OK, we crossed in posting. Some of what I write below is already understood.
What you are asking for is very standard algebra. But you are clearly starting from a very early base in your understanding of mathematics. You should really do some reading as it isn’t something that can be instantly understood in the space of a few postings. But a few things that might help.
You have equations that describe the motion of things. You also have equations that describe desired conditions. There are rules that allow you to manipulate these equations, including combining them and breaking them up, and you can make use of these rules to create new equations that are your answer.
So, you have equations that describe the movement of the ball. In 2 dimensions you can have equations for its position written in a number of ways. A critical point is that all these equations are based upon time - as you change time the position changes.
You have equations that describe desired conditions. In this case you want to intercept the ball. This means you have an equation that says “at a given time, position of ball is the same as the position of the interceptor”.
So in very high level form:
Location_ball = location_function_ball(time)
Location_person = location_function_person(time)
So to intercept the ball with the person:
location_function_ball(time) = location_function_person(time)
That is the X = Y at time T Napier mentioned.
The basic form of any problem of this type is “solving the equation(s)”. Here we create set them all to the form: equation = 0. This is easy, since we just rearrange them to:
location_function_ball(time) - location_function_person(time) = 0
Where it gets harder is to create the equations that capture your particular problem. A common, and easiest version of the above is to ask “does the ball’s path meet the person.” This happens if you can solve the equation with a value of time that makes sense. If the location functions for the ball and the person are both fixed, you have a simple yes/no answer.
Your problem is more involved.

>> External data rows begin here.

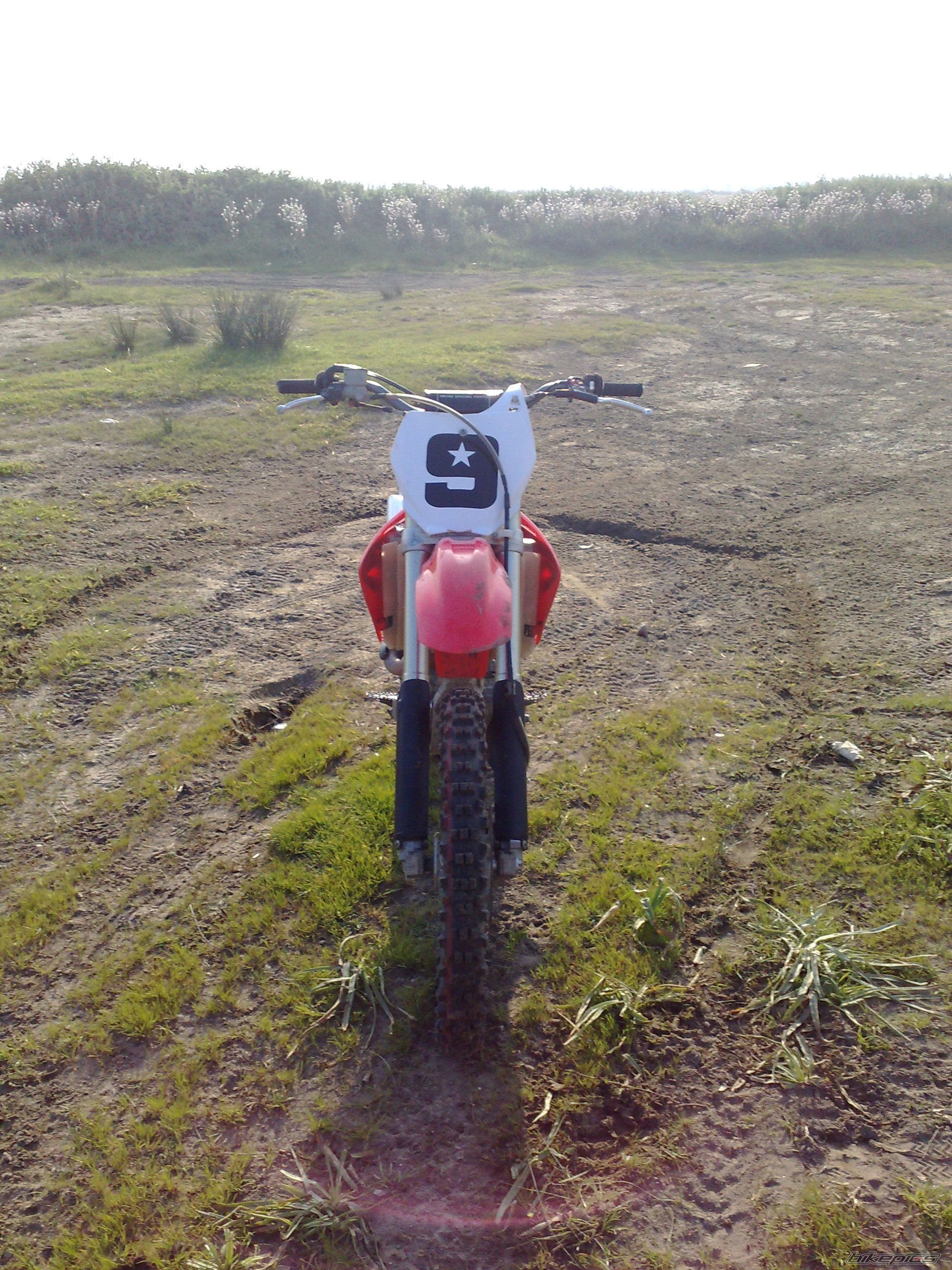 Photo 1274286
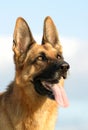 Beautiful German shepherd Royalty Free Stock Photo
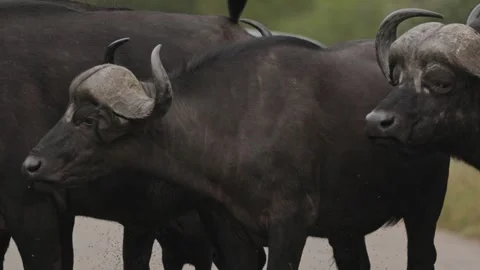 View of African buffalo herd in Kruger National Park, South Africa. Stock Footage 335609917
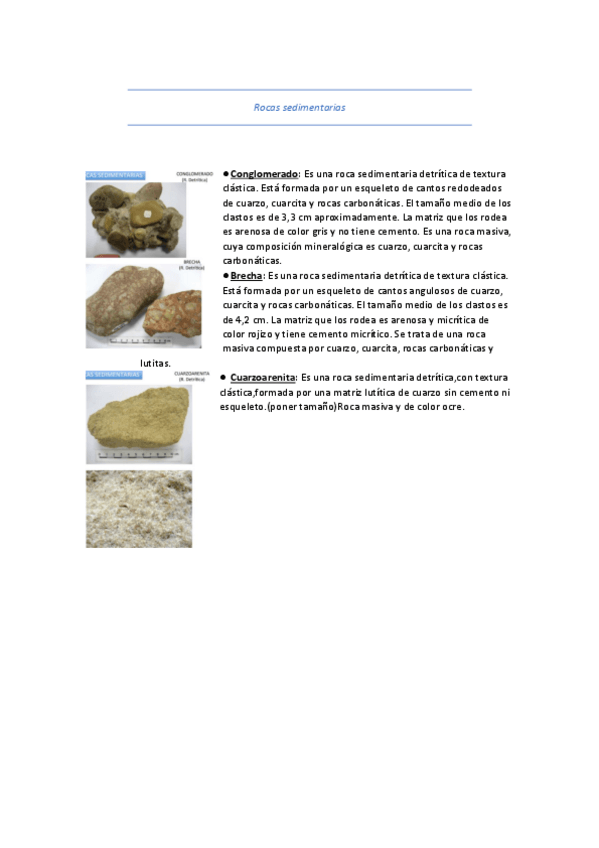 Miniatura del documento Visu-rocas-sedimentarias.pdf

You want to be able to vary the location function for the person in such a way that you guarantee that the interception occurs. For this you need to identify what parameters of the person’s location function you can vary. These become new unknowns in the equations. So, you have equations that have a number of variables, whereas in the simple case only time varied.
What you probably want to do is manipulate the equations so that you eliminate time. Ideally you then end up with something that is an equation involving your other free variable, and some constant expression. This is the answer. Set this free variable in the person location function to that value, and your person will intercept the ball.
This isn’t always possible. But for the simple system you describe it will be, unless you apply constraints such as maximum acceleration or maximum speed to the person intercepting the ball.
You may also discover that you have more than one solution. For instance if the ball takes a curved path you can intersect it at more than one place.
That was for one free variable in the person location function. However you have more than one. At least direction and speed, so two So you will find that you have a result where you have possibly an infinite number of solutions, you can intercept the ball at any place along it’s path by running in the appropriate direction and at the right speed. Clearly you probably want to run the shortest distance, so this becomes another constraint, and another equation.
You can imagine all of this graphically. For a 1D problem this is easy. One axis is time, the other the one dimension. Draw the path of the ball and the path of the person. Do they intersect? For a 2D game you need 3D graph paper, which is a bit hard to find. But the idea is there.
This is where you need to do some reading and spend some effort. I’ve slid over the mechanics of what is done to solve the system. Nothing is especially difficult, mostly involving the application of a set of rules as if they were a set of tools in a toolbox. If you can solve a Sokoku puzzle, you can do linear algebra. Where you could get more advanced is to explicitly look at the area of linear algebra. What you get here is a set of tools that simplify how you represent and manipulate the equations. Rather than longhand equations, you can represent a useful subset of possible systems as a matrix of numbers, and manipulation of the rows and columns of the matrix is identical to manipulating the longhand equations. This turns out to be astoundingly powerful. In computer based systems this is probably the single most common and powerful way of representing and solving problems. (I used to estimate that about half of all numeric scientific problems were linear algebra.) Any book on writing computer games will cover this material. What I’ve written above is really to encourage you to look into the question, and to have some idea of what you will meet.